Watchdogs need to learn new tricks: MPs slam regulators over handling of HBOS collapse
MPs have today slammed the finance industry's watchdogs for their failings in handling the HBOS scandal.
The report from the Treasury select committee criticised the Prudential Regulation Authority (PRA) and the Financial Conduct Authority (FCA), and, in particular, the FCA's predecessor – the Financial Services Authority (FSA) – for various shortcomings in conducting their review.
In particular, the MPs highlighted the length of time taken between the collapse of the lender in late 2008 and the publication of the watchdog's report. The committee also panned the FSA's earlier drafts of the report for barely scratching the surface of the problem.

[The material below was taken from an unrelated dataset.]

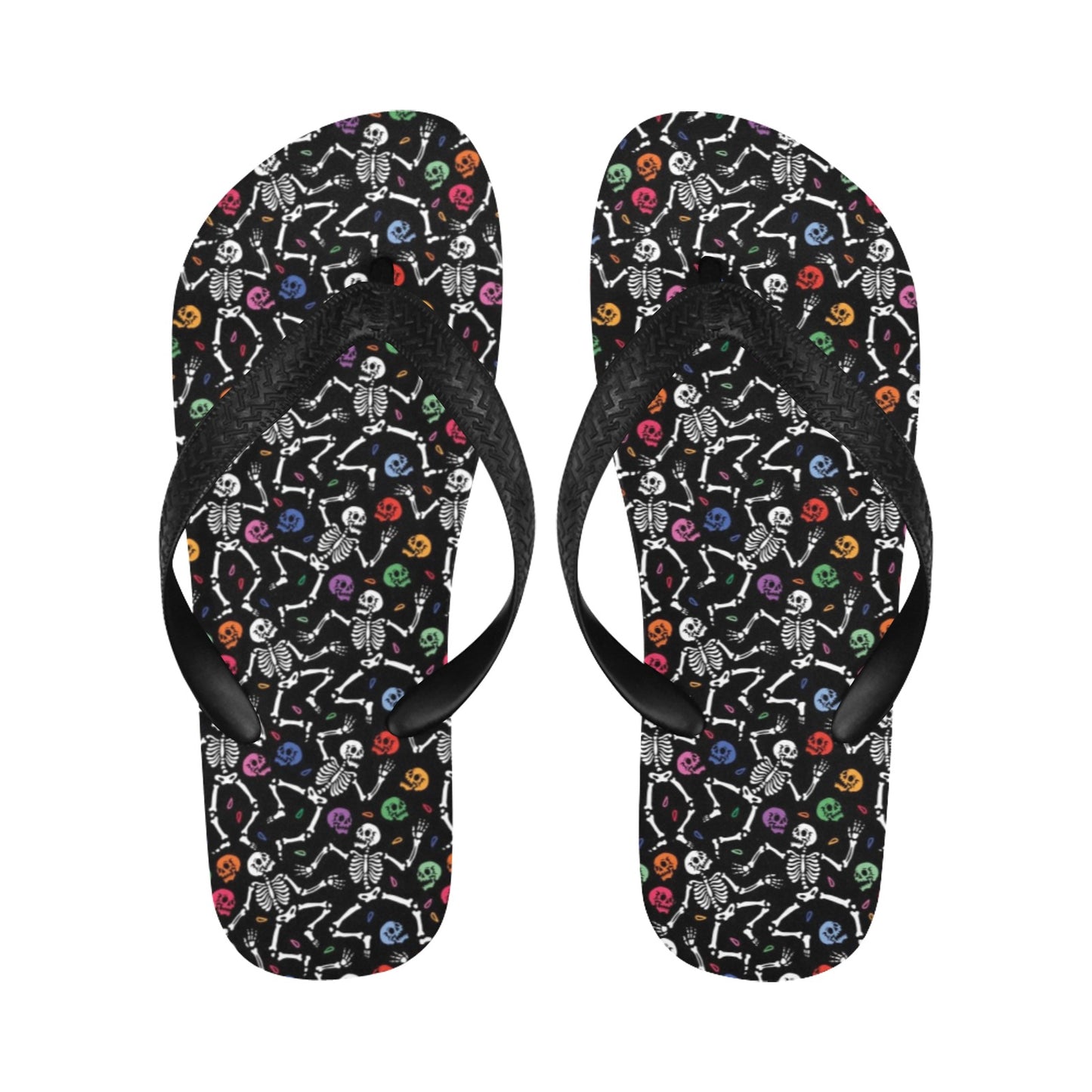 Skeleton Print Design LKS307 Flip Flops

The Treasury committee's report also expressed disappointed that they had been forced to repeatedly prod the watchdogs into action, rather than having them take the case on their own initiative.

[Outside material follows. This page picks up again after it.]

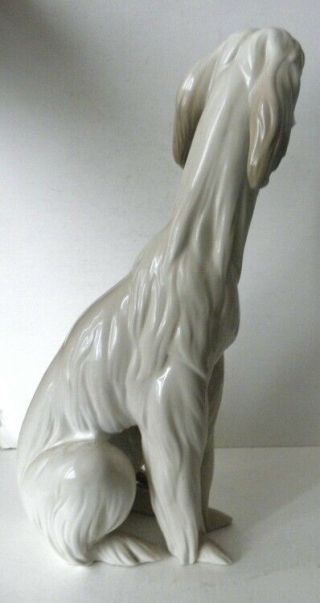 Vintage Lladro Afghan hound figurine by Juan Huerta No.  1069 retired 3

Read more: Treasury turns up heat on KPMG over HBOS audit
The FCA and PRA's report was not published until November last year. The two regulators also revealed they would launch investigations into "certain former HBOS senior managers" at the start of this year.
"The regulators failed, both before and after the HBOS crisis," said Andrew Tyrie, chairman of the Treasury Select Committee. "Seven years after the bank's collapse, we now know just how badly. And not because the regulators showed a spirit to learn the lessons of the past. It took persistent pressure from the Treasury Committee to ensure these failures weren't swept under the carpet."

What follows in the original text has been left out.